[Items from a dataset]
#####

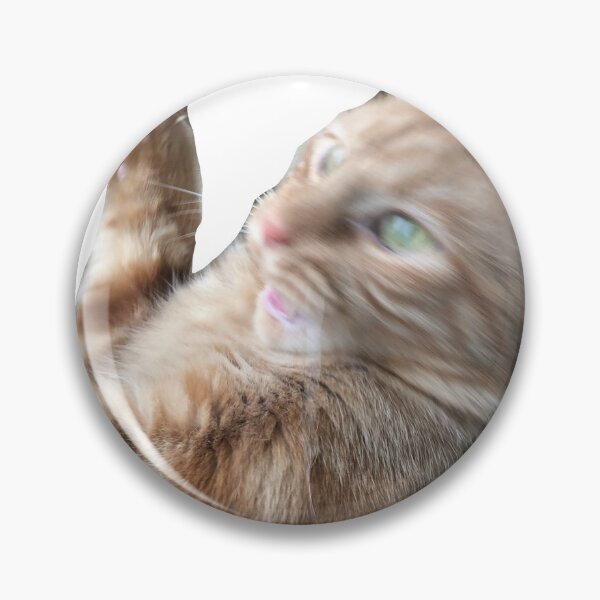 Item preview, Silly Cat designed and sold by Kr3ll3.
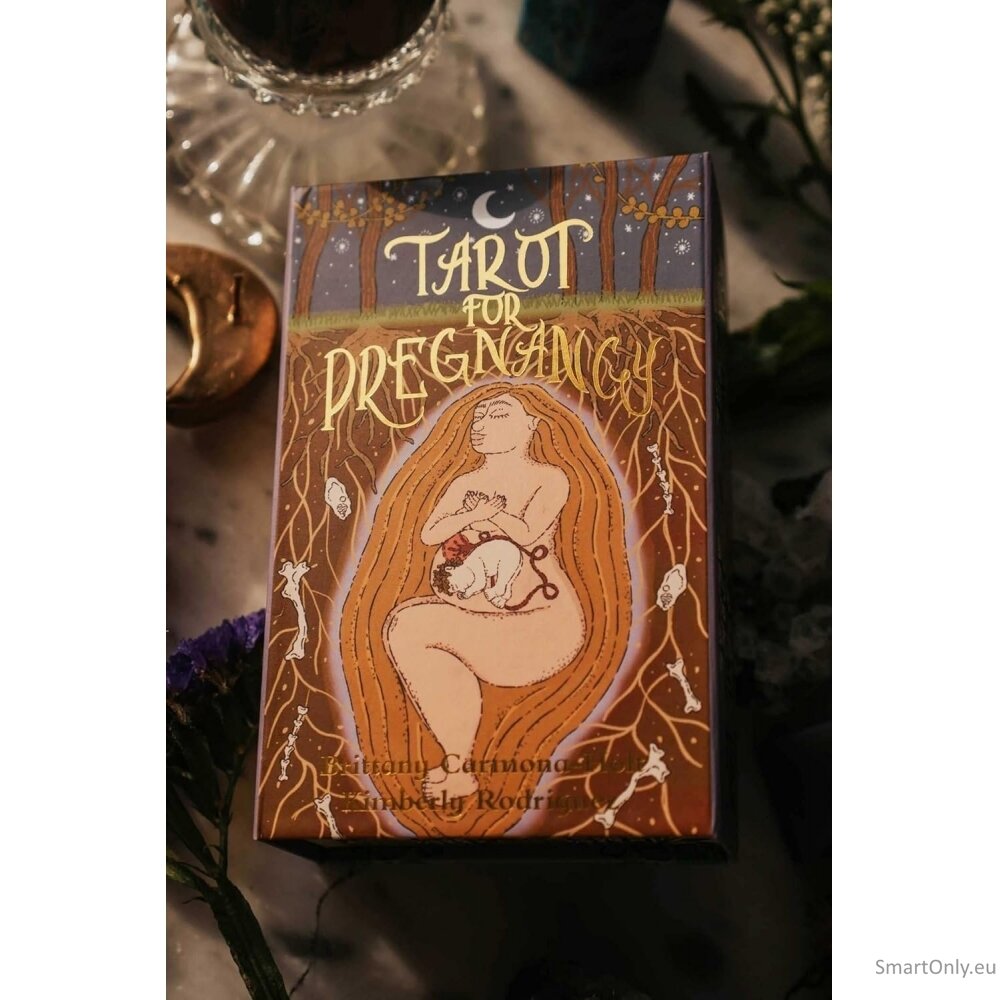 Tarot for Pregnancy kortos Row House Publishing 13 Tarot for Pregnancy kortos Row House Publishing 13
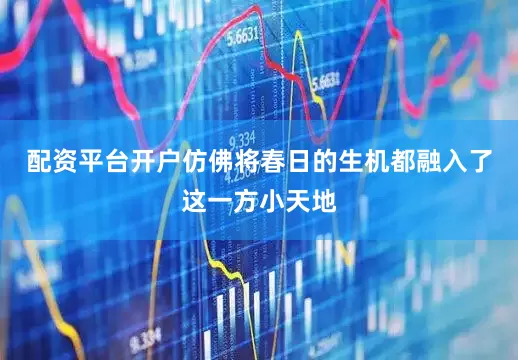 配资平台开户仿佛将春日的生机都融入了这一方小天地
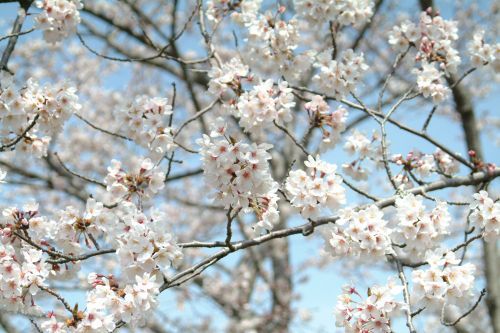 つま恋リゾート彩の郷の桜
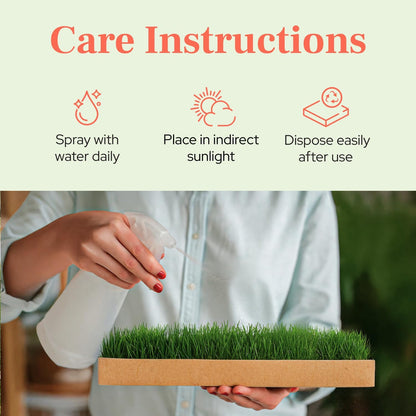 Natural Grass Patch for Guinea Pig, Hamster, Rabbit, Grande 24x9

#####

• Exercise directions
Write out all the entries again, word for word, and print no images.

• Result of this exercise
 Item preview, Silly Cat designed and sold by Kr3ll3.
 Tarot for Pregnancy kortos Row House Publishing 13 Tarot for Pregnancy kortos Row House Publishing 13
 配资平台开户仿佛将春日的生机都融入了这一方小天地
 つま恋リゾート彩の郷の桜
 Natural Grass Patch for Guinea Pig, Hamster, Rabbit, Grande 24x9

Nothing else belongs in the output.